■ Material provided:
===============

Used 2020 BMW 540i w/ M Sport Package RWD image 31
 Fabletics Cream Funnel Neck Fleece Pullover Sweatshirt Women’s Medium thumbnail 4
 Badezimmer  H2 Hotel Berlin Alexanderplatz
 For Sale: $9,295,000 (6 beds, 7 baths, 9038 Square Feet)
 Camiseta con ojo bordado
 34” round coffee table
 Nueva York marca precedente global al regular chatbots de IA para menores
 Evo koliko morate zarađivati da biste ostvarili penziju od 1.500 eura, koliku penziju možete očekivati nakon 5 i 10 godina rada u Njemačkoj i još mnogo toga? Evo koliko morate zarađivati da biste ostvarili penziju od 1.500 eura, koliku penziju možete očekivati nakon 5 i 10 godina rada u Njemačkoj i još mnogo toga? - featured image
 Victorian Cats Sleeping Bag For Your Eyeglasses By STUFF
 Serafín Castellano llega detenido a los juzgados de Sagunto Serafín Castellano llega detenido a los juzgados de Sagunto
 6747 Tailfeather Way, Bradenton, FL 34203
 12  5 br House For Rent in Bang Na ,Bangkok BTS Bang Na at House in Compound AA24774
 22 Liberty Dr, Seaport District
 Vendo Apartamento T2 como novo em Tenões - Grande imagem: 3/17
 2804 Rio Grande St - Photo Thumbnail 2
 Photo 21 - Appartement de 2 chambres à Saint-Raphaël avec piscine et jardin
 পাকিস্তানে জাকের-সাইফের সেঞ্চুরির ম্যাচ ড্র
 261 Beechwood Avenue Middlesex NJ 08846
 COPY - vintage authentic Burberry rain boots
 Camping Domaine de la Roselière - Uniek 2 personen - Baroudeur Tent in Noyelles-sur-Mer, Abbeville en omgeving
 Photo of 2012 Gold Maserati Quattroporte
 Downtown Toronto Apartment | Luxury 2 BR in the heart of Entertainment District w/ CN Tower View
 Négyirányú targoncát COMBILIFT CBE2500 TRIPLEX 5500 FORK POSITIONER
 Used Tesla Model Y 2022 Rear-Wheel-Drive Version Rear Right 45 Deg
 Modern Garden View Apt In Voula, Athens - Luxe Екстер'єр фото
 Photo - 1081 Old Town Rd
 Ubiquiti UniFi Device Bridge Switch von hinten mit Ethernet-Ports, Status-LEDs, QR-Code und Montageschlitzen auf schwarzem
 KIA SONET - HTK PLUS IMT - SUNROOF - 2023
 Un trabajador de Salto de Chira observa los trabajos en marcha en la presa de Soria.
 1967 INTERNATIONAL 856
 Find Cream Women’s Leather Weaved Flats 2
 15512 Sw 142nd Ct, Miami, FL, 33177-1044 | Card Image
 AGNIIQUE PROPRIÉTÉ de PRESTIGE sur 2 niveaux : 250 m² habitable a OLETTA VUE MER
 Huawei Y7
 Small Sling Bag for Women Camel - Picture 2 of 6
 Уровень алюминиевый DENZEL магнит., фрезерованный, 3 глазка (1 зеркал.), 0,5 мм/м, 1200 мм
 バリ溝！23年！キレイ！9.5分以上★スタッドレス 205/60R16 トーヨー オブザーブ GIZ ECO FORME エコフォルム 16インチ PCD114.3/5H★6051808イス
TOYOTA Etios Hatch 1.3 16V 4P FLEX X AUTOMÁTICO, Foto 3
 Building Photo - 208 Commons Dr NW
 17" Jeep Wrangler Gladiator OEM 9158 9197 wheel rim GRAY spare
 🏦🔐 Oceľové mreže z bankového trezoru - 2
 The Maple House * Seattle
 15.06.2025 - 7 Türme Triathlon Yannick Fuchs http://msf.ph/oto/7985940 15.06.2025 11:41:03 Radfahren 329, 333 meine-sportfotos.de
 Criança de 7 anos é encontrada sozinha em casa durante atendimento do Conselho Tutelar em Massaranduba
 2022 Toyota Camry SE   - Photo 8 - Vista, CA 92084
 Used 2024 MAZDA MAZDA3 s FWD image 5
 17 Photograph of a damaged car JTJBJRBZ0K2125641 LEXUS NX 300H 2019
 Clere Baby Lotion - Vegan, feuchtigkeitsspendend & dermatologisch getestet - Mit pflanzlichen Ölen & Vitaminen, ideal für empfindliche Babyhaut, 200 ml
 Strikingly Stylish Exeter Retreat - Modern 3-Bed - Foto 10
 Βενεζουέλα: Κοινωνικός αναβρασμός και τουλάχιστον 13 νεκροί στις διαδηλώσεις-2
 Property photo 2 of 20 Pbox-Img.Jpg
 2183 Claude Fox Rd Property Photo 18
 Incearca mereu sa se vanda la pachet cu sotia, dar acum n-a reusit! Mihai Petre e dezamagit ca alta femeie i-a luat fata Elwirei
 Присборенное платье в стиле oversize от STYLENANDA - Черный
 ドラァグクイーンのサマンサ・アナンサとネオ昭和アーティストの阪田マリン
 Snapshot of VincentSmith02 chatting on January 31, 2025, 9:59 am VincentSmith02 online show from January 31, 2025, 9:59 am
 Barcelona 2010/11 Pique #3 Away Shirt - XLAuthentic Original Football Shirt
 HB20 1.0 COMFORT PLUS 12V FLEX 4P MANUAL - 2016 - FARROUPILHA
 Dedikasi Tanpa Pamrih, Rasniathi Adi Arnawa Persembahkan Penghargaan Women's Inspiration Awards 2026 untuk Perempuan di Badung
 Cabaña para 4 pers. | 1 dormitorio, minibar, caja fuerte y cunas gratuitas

===============

■ What needs to be done: The entire listing should be repeated with no line missing and no word altered.

■ Answer below:
Used 2020 BMW 540i w/ M Sport Package RWD image 31
 Fabletics Cream Funnel Neck Fleece Pullover Sweatshirt Women’s Medium thumbnail 4
 Badezimmer  H2 Hotel Berlin Alexanderplatz
 For Sale: $9,295,000 (6 beds, 7 baths, 9038 Square Feet)
 Camiseta con ojo bordado
 34” round coffee table
 Nueva York marca precedente global al regular chatbots de IA para menores
 Evo koliko morate zarađivati da biste ostvarili penziju od 1.500 eura, koliku penziju možete očekivati nakon 5 i 10 godina rada u Njemačkoj i još mnogo toga? Evo koliko morate zarađivati da biste ostvarili penziju od 1.500 eura, koliku penziju možete očekivati nakon 5 i 10 godina rada u Njemačkoj i još mnogo toga? - featured image
 Victorian Cats Sleeping Bag For Your Eyeglasses By STUFF
 Serafín Castellano llega detenido a los juzgados de Sagunto Serafín Castellano llega detenido a los juzgados de Sagunto
 6747 Tailfeather Way, Bradenton, FL 34203
 12  5 br House For Rent in Bang Na ,Bangkok BTS Bang Na at House in Compound AA24774
 22 Liberty Dr, Seaport District
 Vendo Apartamento T2 como novo em Tenões - Grande imagem: 3/17
 2804 Rio Grande St - Photo Thumbnail 2
 Photo 21 - Appartement de 2 chambres à Saint-Raphaël avec piscine et jardin
 পাকিস্তানে জাকের-সাইফের সেঞ্চুরির ম্যাচ ড্র
 261 Beechwood Avenue Middlesex NJ 08846
 COPY - vintage authentic Burberry rain boots
 Camping Domaine de la Roselière - Uniek 2 personen - Baroudeur Tent in Noyelles-sur-Mer, Abbeville en omgeving
 Photo of 2012 Gold Maserati Quattroporte
 Downtown Toronto Apartment | Luxury 2 BR in the heart of Entertainment District w/ CN Tower View
 Négyirányú targoncát COMBILIFT CBE2500 TRIPLEX 5500 FORK POSITIONER
 Used Tesla Model Y 2022 Rear-Wheel-Drive Version Rear Right 45 Deg
 Modern Garden View Apt In Voula, Athens - Luxe Екстер'єр фото
 Photo - 1081 Old Town Rd
 Ubiquiti UniFi Device Bridge Switch von hinten mit Ethernet-Ports, Status-LEDs, QR-Code und Montageschlitzen auf schwarzem
 KIA SONET - HTK PLUS IMT - SUNROOF - 2023
 Un trabajador de Salto de Chira observa los trabajos en marcha en la presa de Soria.
 1967 INTERNATIONAL 856
 Find Cream Women’s Leather Weaved Flats 2
 15512 Sw 142nd Ct, Miami, FL, 33177-1044 | Card Image
 AGNIIQUE PROPRIÉTÉ de PRESTIGE sur 2 niveaux : 250 m² habitable a OLETTA VUE MER
 Huawei Y7
 Small Sling Bag for Women Camel - Picture 2 of 6
 Уровень алюминиевый DENZEL магнит., фрезерованный, 3 глазка (1 зеркал.), 0,5 мм/м, 1200 мм
 バリ溝！23年！キレイ！9.5分以上★スタッドレス 205/60R16 トーヨー オブザーブ GIZ ECO FORME エコフォルム 16インチ PCD114.3/5H★6051808イス
TOYOTA Etios Hatch 1.3 16V 4P FLEX X AUTOMÁTICO, Foto 3
 Building Photo - 208 Commons Dr NW
 17" Jeep Wrangler Gladiator OEM 9158 9197 wheel rim GRAY spare
 🏦🔐 Oceľové mreže z bankového trezoru - 2
 The Maple House * Seattle
 15.06.2025 - 7 Türme Triathlon Yannick Fuchs http://msf.ph/oto/7985940 15.06.2025 11:41:03 Radfahren 329, 333 meine-sportfotos.de
 Criança de 7 anos é encontrada sozinha em casa durante atendimento do Conselho Tutelar em Massaranduba
 2022 Toyota Camry SE   - Photo 8 - Vista, CA 92084
 Used 2024 MAZDA MAZDA3 s FWD image 5
 17 Photograph of a damaged car JTJBJRBZ0K2125641 LEXUS NX 300H 2019
 Clere Baby Lotion - Vegan, feuchtigkeitsspendend & dermatologisch getestet - Mit pflanzlichen Ölen & Vitaminen, ideal für empfindliche Babyhaut, 200 ml
 Strikingly Stylish Exeter Retreat - Modern 3-Bed - Foto 10
 Βενεζουέλα: Κοινωνικός αναβρασμός και τουλάχιστον 13 νεκροί στις διαδηλώσεις-2
 Property photo 2 of 20 Pbox-Img.Jpg
 2183 Claude Fox Rd Property Photo 18
 Incearca mereu sa se vanda la pachet cu sotia, dar acum n-a reusit! Mihai Petre e dezamagit ca alta femeie i-a luat fata Elwirei
 Присборенное платье в стиле oversize от STYLENANDA - Черный
 ドラァグクイーンのサマンサ・アナンサとネオ昭和アーティストの阪田マリン
 Snapshot of VincentSmith02 chatting on January 31, 2025, 9:59 am VincentSmith02 online show from January 31, 2025, 9:59 am
 Barcelona 2010/11 Pique #3 Away Shirt - XLAuthentic Original Football Shirt
 HB20 1.0 COMFORT PLUS 12V FLEX 4P MANUAL - 2016 - FARROUPILHA
 Dedikasi Tanpa Pamrih, Rasniathi Adi Arnawa Persembahkan Penghargaan Women's Inspiration Awards 2026 untuk Perempuan di Badung
 Cabaña para 4 pers. | 1 dormitorio, minibar, caja fuerte y cunas gratuitas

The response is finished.